O debate teórico, e evidentemente histórico e concreto, que precisa ser feito é se de fato é possível implementar tais projetos, se existem setores da burguesia brasileira que tem realmente interesse e potencial para romper com o imperialismo e desenvolver nosso capitalismo nacional, ou seja se é utópico ou real a possibilidade de realização do neodesenvolvimentismo. Além disso, se a realização do Programa Democrático Popular seria também uma possibilidade, ou se também não é mais uma ilusão sem consistência concreta. É necessário fazer com responsabilidade o debate se é possível construir tal projeto sem uma ruptura completa com a burguesia, se não é no mínimo contraditório como falar em “Estado popular” sem mudar o caráter de classe desse “Estado”. Segundo Lenin, no capitalismo: “Um Estado, seja ele qual for, não poderá ser livre nem popular.”[3]

Projetos de colaboração de classes ou Projeto independente dos trabalhadores?
A melhor forma de colocar a questão, no nosso entendimento, é a seguinte: como é possível “acumular forças” para o socialismo, qual é o programa e o projeto que temos que construir desde já para tornar possível a construção do socialismo, quando as condições para isso avançarem. Mais que isso: qual o projeto que contribuiu para o avanço dessas condições (mobilização e consciência da classe).

A história tem mostrado que as estratégias de “coalizão de forças” tem servido para o oposto disso.  Tomemos o exemplo da Reforma Agrária. Em que avançou nesses 12 anos de governos do PT? Os movimentos sociais do campo, têm se fortalecido ou arrefecido nesses governos? Porque ironicamente foram desapropriados menos imóveis rurais para a Reforma Agrária nos mandatos de Dilma e Lula que no período FHC. Não que FHC estivesse a favor da reforma agrária, lógico que não; mas o controle dos movimentos sociais do campo pelo governo tem ajudado os latifundiários a consolidar o seu projeto, a tal ponto de terem hoje o ministério da agricultura num governo que seria dos trabalhadores.
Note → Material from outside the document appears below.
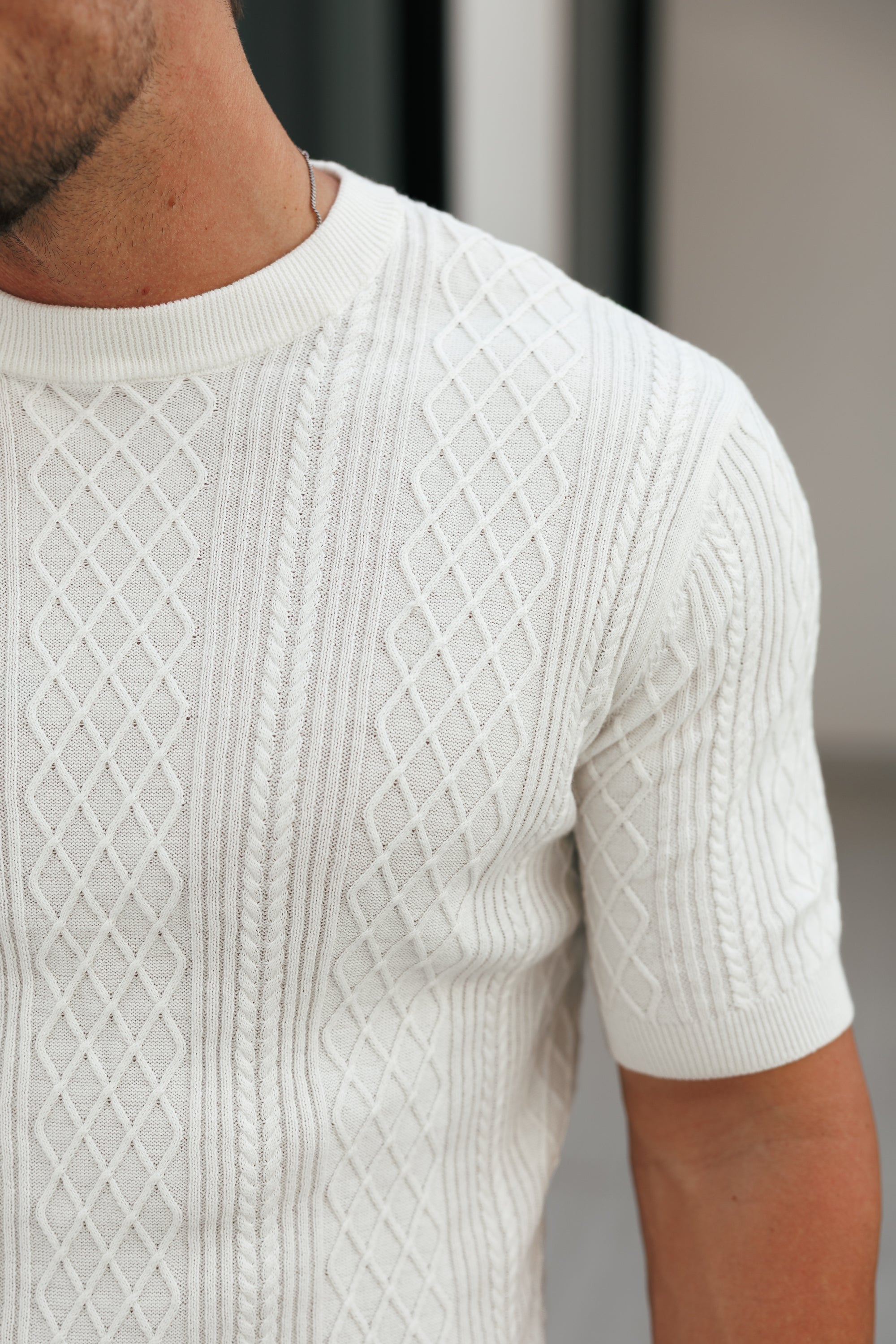 Fine Knit Diamond Off White Jumper Short Sleeve  -  FSA009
A única forma de acumular forças para revolução num governo como o de Lula e Dilma é conduzir a experiência da classe trabalhadora com tais governos à compreensão da falência de um projeto de colaboração de classes, porque os interesses dos trabalhadores, camponeses, movimentos populares e demais setores oprimidos são completamente inconciliáveis com o dos banqueiros, latifundiários, empresários e capitalistas nacionais e imperialistas. A única forma de acumular forças para de fato transformar o país é a retomada de um projeto independente da classe trabalhadora, e não há outro caminho para isso que não comece por romper com esse governo que tem servido para amortecer nossas lutas enquanto segue favorecendo as elites e aprofundando medidas neoliberais de forma disfarçada. 

Não existem atalhos para a construção do socialismo no Brasil ou em qualquer país do mundo. Isso não significa que defendemos a tomada do poder pela classe trabalhadora já, uma caricatura barata e nada inteligente do “Programa de Transição”, método histórico de atualização do marxismo no qual nos baseamos. Significa que enquanto se defende projetos de conciliação arma-se uma armadilha para a classe trabalhadora, canaliza-se toda a sua disposição, sua abnegação, seu esforço e sua luta para a construção de governos que entregam de mão beijada o “poder” aos mesmos senhores de antes. Como está fazendo Dilma.

A única forma de acumular forças para a transformação profunda da nossa realidade é resgatando, em cada greve, em cada mobilização, em cada luta, em cada eleição, a consciência do potencial e da força que os trabalhadores têm; a retomada da confiança em si mesma, em suas próprias forças; da consciência de que temos condições de construir um projeto de sociedade nosso, sem precisar dos patrões, sejam os estrangeiros, sejam os daqui. Só há um projeto de sociedade capaz de resolver nossos problemas, e precisamos construí-lo desde já na consciência dos trabalhadores e em suas lutas: o Projeto Socialista. 
 


[1] GODEIRO, Nazareno (organizador). Balanço Crítico dos Governos do PT. ILAESE, São Paulo: 2014. Pág. 16.

[2] Ibidem. Pág. 40.

[3] LENIN. O Estado e a Revolução. Editora Brasil Popular, São Paulo: 2010. Pág. 39.